The annual rate of inflation in the euro zone has risen slightly but remains stable and close to the European Central Bank's (ECB's) definition of price stability.
The Harmonised Index of Consumer Prices, a standardised measure of consumer price inflation in the European Union, stayed at 2 per cent in the EU in June, the same rate as May. In the 12 member states of the euro zone, however, the rate rose to 2.1 per cent in June from 2 per cent in May.
The slight rise in euro-zone inflation can be attributed to rising energy costs. Energy price inflation gathered pace in June to reach an annual rate of 9.4 per cent, due to strong increases in oil prices that month.
Energy prices in the 12 months to June were 7.8 per cent higher than in the preceding 12-month period, indicating a persistent trend of inflation in this category.
Strong rates of annual inflation were also registered in June for housing (4.8 per cent) transport (3.9 per cent) and education (3.4 per cent). Rates of price increases in the categories of communication, recreation, clothing and food were negative or slight.

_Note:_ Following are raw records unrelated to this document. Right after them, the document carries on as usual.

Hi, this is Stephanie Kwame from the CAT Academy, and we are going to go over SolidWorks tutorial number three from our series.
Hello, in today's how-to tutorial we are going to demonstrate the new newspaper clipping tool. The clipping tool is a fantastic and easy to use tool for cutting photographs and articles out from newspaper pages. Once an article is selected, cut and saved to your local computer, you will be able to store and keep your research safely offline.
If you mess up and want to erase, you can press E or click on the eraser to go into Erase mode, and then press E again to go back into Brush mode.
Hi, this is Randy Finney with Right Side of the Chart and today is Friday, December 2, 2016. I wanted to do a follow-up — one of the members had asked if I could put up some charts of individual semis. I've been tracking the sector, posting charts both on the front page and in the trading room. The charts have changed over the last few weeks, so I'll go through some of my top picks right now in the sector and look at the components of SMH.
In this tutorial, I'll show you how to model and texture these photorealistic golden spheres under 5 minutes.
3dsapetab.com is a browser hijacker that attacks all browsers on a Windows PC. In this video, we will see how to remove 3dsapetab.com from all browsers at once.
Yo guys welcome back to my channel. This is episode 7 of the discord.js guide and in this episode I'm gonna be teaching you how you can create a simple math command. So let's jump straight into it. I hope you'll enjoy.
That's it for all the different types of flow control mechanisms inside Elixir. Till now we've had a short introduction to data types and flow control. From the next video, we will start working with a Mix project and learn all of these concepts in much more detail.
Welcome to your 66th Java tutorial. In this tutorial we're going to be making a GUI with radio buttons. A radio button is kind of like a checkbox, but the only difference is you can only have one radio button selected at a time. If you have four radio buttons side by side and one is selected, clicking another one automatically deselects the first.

Other price categories experienced inflation rates that were close to the euro-zone average.
In the 12 months to June, euro-zone inflation averaged 2.2 per cent. However, if the influence of energy prices is excluded, the rate of price inflation in the euro zone was only 1.7 per cent.

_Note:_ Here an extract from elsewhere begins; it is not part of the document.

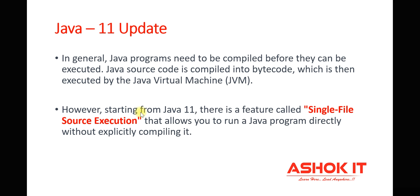But from Java 11, they introduced a feature called single-file source execution. By using that feature, we can directly run the Java program without compiling explicitly. When we run that, internally the code will be compiled and it will be executed directly.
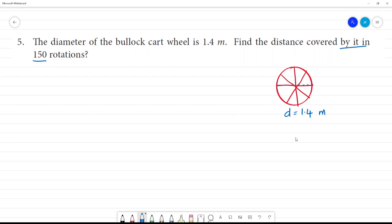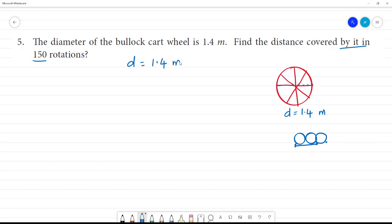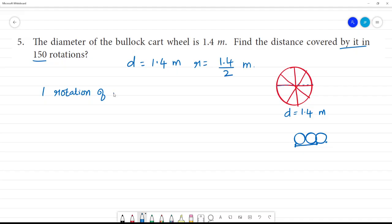Now, we have one rotation. One rotation of the wheel is equal to the circumference — the circumference of the wheel.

The ECB, which determines the level of interest rates for the euro zone, regards a rate of price inflation of close to 2 per cent as a sign of price stability. The governing council of the ECB meets next Thursday.

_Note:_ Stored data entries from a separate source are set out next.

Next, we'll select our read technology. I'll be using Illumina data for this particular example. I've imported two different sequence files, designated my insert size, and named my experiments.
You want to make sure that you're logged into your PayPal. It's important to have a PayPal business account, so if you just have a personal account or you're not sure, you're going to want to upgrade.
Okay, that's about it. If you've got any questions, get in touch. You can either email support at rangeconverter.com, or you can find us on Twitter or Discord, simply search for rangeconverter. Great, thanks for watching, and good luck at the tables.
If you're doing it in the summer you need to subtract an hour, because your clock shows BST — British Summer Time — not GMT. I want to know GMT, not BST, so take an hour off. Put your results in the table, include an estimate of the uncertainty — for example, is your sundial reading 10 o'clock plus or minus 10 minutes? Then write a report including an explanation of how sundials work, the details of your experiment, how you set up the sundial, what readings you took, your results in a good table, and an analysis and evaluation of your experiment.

Inflation is running at 1.8 per cent in the two largest euro-zone economies, Germany and France. The rate in the Republic is 1.9 per cent.
The ECB has maintained its key main refinancing rate at 2 per cent but has recently come under pressure from Germany and France, which cite the dampening impact of high oil prices on growth as justifying a further cut. However, in its latest monthly bulletin, the ECB indicated that upside risks to euro-zone inflation remained.